Exercise goal: Output all of the data below without changing a word, and exclude the pictures.

Data:
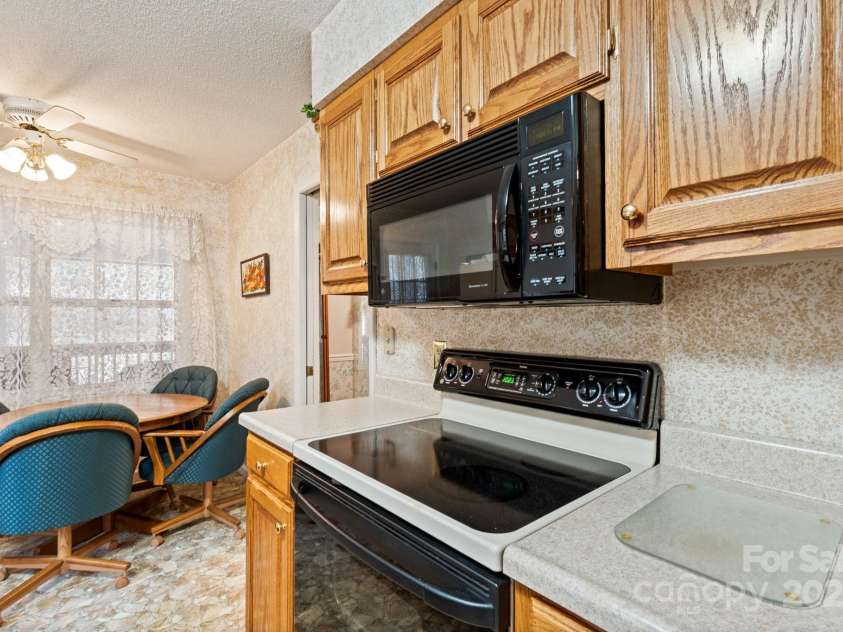 184 Trimont Mountain Road, Franklin, NC 28734.  MLS# CAR4332849, YatesRealty ID 5674. 
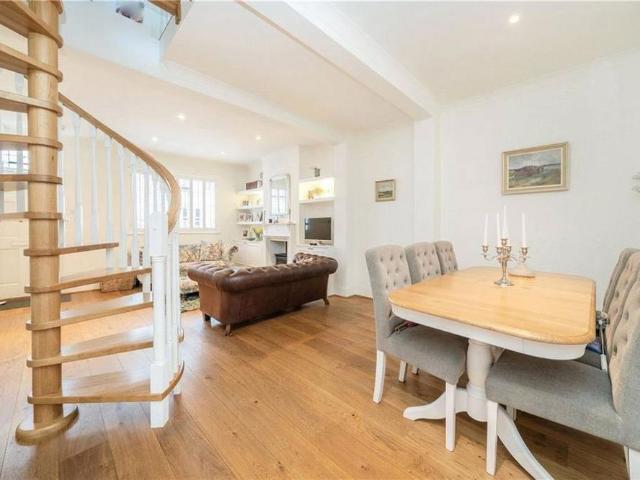 House for rent in East Sheen, Greater London
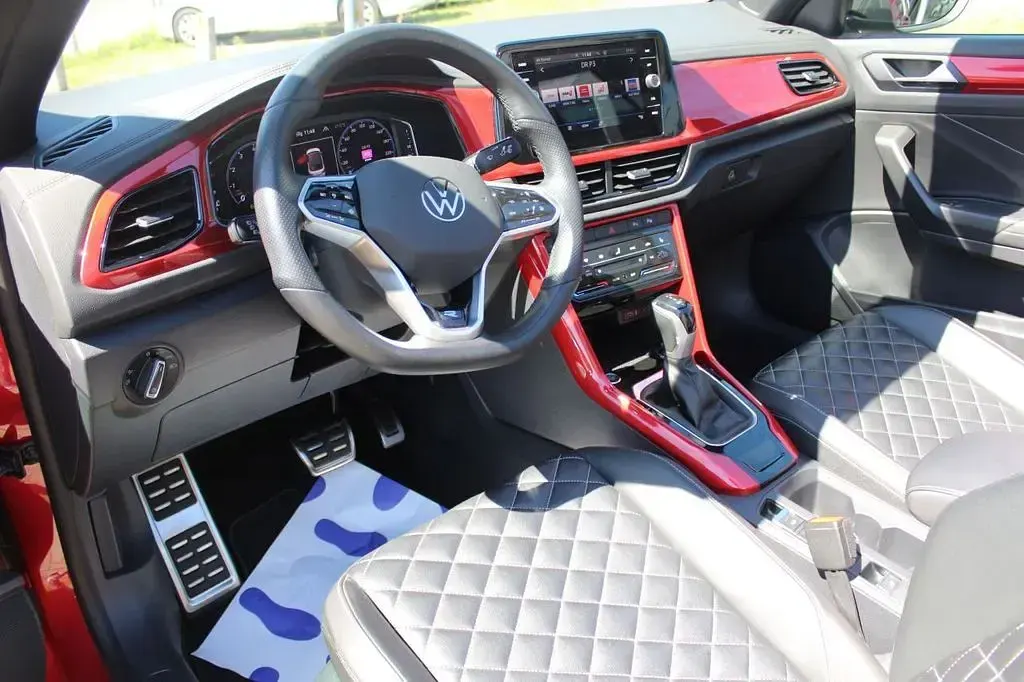 Gebraucht VW T-Roc Cabriolet R-line 150 PS (110 kW) 2023 Kings red schwarz (metallic) Cabrio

Task solution:
 184 Trimont Mountain Road, Franklin, NC 28734.  MLS# CAR4332849, YatesRealty ID 5674. 
 House for rent in East Sheen, Greater London
 Gebraucht VW T-Roc Cabriolet R-line 150 PS (110 kW) 2023 Kings red schwarz (metallic) Cabrio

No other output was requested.